• Your goal:
Restate word for word the lines that begin the listing and end with the line holding "포근한 극세사 쿨러치담요".

──────────────────────────────

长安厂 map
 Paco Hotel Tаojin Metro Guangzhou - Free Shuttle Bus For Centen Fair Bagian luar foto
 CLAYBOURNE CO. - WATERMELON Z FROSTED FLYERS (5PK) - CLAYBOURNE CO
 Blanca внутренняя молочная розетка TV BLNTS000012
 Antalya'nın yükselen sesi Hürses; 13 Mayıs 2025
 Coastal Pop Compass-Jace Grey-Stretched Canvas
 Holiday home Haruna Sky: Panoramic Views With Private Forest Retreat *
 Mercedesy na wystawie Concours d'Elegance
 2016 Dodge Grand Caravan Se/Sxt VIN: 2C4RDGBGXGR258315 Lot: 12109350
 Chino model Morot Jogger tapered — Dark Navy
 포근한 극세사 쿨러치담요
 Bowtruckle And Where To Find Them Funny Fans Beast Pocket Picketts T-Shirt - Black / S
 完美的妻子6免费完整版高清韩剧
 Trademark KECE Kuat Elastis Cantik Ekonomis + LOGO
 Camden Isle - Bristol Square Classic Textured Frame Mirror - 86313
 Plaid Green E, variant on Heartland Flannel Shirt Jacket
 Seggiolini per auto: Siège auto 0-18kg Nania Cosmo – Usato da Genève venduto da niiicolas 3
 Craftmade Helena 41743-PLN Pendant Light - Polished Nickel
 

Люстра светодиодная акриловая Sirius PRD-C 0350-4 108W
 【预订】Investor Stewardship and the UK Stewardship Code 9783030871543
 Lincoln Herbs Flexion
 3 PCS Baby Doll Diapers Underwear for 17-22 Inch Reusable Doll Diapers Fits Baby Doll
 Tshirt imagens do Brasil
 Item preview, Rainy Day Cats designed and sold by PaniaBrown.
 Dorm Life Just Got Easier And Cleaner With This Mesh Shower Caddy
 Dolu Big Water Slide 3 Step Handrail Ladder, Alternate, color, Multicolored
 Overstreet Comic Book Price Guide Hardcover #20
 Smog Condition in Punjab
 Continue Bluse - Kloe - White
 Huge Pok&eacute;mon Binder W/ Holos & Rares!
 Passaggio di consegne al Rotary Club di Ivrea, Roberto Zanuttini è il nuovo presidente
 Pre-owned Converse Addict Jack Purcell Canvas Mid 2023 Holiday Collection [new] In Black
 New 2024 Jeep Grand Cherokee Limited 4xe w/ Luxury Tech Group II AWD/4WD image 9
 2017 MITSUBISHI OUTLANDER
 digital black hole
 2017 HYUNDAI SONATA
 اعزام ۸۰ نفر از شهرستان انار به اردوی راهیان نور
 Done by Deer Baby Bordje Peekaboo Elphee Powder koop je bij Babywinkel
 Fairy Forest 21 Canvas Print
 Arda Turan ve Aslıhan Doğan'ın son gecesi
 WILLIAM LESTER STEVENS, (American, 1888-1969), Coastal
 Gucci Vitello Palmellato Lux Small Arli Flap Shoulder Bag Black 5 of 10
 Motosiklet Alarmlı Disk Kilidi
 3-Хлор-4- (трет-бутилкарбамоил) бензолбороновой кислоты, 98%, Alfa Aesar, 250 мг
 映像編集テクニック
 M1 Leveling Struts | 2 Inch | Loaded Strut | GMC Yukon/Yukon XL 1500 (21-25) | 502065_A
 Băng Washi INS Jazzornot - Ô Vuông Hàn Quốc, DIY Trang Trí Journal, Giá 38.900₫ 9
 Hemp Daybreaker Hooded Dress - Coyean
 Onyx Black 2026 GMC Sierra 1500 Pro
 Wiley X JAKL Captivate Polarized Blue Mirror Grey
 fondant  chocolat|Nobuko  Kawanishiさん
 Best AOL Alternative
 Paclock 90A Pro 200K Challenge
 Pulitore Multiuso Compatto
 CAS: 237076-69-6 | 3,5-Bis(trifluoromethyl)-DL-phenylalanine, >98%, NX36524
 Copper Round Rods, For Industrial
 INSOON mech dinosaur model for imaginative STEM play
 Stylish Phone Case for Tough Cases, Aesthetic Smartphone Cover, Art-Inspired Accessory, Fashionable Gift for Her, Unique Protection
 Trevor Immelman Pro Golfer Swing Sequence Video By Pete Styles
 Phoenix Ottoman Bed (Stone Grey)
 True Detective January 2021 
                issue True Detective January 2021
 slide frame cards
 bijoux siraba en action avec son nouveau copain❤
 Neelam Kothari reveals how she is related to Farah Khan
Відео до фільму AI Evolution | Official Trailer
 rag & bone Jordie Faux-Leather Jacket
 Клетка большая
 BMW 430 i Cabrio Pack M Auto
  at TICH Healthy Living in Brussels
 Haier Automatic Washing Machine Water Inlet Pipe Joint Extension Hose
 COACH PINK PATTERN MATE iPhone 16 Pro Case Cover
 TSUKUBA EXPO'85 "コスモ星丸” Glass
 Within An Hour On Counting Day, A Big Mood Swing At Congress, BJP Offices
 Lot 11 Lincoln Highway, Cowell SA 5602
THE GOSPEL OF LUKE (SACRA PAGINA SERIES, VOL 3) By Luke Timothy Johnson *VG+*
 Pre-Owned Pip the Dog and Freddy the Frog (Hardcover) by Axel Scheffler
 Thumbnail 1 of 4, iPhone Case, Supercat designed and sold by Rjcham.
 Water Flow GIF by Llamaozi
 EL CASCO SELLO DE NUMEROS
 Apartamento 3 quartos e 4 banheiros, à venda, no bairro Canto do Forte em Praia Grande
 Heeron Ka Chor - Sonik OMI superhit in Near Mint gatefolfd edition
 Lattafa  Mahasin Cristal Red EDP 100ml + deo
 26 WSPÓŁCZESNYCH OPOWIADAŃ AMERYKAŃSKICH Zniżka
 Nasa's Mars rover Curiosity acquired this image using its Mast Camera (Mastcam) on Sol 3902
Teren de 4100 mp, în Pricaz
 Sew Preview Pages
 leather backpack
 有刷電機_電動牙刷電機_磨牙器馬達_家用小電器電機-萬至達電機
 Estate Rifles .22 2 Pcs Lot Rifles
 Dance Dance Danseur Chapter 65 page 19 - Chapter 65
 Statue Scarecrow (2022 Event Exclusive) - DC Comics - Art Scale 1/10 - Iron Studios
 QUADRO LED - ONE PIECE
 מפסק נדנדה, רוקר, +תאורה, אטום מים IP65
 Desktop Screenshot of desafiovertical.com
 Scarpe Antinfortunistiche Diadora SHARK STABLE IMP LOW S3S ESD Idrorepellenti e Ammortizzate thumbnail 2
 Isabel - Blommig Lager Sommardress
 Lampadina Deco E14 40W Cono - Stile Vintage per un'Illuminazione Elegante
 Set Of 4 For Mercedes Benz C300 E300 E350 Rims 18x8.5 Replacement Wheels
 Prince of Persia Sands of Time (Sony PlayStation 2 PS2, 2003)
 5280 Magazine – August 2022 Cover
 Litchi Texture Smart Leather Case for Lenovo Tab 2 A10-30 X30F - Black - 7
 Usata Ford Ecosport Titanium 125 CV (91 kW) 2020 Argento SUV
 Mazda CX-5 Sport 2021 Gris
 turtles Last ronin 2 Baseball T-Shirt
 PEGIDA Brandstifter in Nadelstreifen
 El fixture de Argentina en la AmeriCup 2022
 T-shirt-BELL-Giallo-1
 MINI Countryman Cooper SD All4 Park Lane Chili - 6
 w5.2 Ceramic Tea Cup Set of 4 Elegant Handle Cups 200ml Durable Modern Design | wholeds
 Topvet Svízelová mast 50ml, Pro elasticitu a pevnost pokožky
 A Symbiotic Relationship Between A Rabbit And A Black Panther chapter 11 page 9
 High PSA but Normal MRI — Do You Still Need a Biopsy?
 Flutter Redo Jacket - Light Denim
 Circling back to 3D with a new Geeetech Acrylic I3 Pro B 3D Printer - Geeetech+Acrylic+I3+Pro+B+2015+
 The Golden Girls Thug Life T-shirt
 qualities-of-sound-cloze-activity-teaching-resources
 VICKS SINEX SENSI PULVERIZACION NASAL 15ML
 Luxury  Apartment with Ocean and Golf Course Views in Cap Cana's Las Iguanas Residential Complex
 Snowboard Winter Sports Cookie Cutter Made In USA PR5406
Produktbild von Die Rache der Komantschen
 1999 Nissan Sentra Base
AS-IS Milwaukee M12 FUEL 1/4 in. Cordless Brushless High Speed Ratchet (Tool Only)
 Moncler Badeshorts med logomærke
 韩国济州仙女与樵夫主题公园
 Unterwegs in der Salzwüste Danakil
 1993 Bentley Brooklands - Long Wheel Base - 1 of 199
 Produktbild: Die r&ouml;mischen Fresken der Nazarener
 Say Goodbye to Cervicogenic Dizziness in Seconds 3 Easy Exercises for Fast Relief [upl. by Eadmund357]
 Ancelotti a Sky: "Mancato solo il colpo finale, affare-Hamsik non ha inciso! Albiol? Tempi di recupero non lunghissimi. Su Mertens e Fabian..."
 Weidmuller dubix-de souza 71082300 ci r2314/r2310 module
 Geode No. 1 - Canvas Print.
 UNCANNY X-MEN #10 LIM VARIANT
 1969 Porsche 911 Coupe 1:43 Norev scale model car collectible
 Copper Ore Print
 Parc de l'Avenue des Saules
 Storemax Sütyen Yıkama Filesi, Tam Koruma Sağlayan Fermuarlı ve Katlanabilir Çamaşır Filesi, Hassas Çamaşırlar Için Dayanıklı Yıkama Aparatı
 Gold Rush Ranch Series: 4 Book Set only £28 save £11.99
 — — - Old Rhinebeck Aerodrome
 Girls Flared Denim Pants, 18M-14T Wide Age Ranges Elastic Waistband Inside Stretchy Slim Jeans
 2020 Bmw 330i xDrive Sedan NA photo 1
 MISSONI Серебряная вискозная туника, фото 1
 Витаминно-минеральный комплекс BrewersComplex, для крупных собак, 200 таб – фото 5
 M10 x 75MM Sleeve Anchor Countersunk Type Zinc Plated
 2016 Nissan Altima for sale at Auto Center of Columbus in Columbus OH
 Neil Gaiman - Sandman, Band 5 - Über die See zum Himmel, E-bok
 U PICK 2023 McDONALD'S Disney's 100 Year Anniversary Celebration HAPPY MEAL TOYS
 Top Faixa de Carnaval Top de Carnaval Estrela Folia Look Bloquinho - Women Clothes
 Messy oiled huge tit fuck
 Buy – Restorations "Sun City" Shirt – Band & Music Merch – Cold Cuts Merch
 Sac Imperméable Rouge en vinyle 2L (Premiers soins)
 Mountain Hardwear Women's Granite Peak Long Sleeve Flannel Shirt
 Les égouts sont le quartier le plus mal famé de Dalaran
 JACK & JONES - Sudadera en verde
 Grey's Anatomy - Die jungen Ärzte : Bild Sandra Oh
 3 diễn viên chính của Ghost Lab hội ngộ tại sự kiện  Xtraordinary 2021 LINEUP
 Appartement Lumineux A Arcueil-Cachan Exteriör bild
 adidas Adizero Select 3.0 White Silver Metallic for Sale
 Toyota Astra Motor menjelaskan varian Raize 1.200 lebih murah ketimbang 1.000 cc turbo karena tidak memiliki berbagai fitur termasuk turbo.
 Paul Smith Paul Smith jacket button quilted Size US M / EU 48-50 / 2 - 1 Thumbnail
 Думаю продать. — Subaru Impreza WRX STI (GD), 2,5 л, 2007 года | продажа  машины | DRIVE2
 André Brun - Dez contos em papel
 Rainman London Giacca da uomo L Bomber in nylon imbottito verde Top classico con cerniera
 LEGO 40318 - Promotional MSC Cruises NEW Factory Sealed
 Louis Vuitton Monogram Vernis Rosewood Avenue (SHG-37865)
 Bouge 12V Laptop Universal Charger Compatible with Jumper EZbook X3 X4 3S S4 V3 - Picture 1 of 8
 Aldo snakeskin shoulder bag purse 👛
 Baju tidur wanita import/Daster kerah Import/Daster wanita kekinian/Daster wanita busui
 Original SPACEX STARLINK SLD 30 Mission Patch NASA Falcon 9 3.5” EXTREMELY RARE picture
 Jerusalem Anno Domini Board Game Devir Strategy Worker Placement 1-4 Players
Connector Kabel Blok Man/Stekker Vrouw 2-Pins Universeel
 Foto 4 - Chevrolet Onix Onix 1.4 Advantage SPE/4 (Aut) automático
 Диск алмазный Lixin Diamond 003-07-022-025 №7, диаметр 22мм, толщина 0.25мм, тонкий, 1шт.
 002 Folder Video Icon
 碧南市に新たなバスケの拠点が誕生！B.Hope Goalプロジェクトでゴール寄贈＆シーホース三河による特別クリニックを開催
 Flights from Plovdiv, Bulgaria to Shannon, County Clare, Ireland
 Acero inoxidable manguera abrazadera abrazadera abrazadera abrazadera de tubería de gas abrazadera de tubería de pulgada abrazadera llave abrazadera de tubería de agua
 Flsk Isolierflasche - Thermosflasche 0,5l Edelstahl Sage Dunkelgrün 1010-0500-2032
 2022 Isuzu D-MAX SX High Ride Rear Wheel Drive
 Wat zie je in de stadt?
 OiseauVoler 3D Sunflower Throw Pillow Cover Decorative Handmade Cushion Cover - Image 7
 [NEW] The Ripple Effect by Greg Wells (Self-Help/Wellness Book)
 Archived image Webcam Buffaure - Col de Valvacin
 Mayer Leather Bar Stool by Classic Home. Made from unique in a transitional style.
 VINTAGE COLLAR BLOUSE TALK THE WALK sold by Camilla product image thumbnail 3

──────────────────────────────

• Exercise solution:
长安厂 map
 Paco Hotel Tаojin Metro Guangzhou - Free Shuttle Bus For Centen Fair Bagian luar foto
 CLAYBOURNE CO. - WATERMELON Z FROSTED FLYERS (5PK) - CLAYBOURNE CO
 Blanca внутренняя молочная розетка TV BLNTS000012
 Antalya'nın yükselen sesi Hürses; 13 Mayıs 2025
 Coastal Pop Compass-Jace Grey-Stretched Canvas
 Holiday home Haruna Sky: Panoramic Views With Private Forest Retreat *
 Mercedesy na wystawie Concours d'Elegance
 2016 Dodge Grand Caravan Se/Sxt VIN: 2C4RDGBGXGR258315 Lot: 12109350
 Chino model Morot Jogger tapered — Dark Navy
 포근한 극세사 쿨러치담요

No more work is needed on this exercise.